[Exercise requirements]
Please set down each of the lines below once more, exactly, omitting all pictures.

[Information supplied]

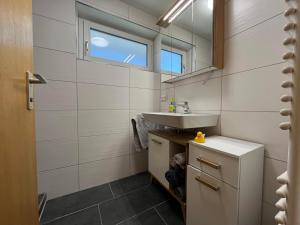 a bathroom with a sink and a mirror at Ferienwohnung Heid in Rettenberg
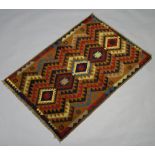 A red, brown and tan ground Belouche rug with diamond geometric design 115cm x 80cm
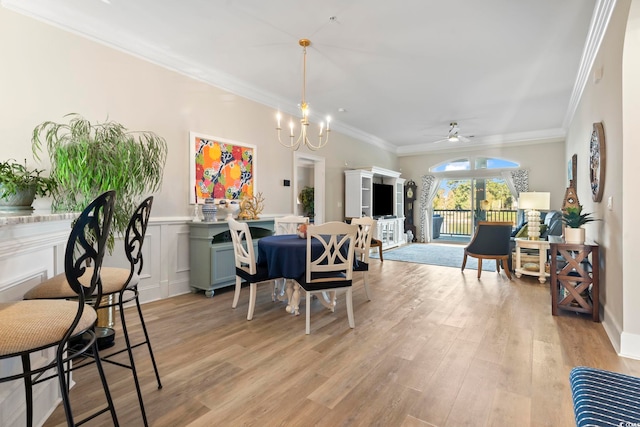 dining space featuring ornamental molding, ceiling fan with notable chandelier, and light hardwood / wood-style floors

[The answer]
 a bathroom with a sink and a mirror at Ferienwohnung Heid in Rettenberg
 A red, brown and tan ground Belouche rug with diamond geometric design 115cm x 80cm
 dining space featuring ornamental molding, ceiling fan with notable chandelier, and light hardwood / wood-style floors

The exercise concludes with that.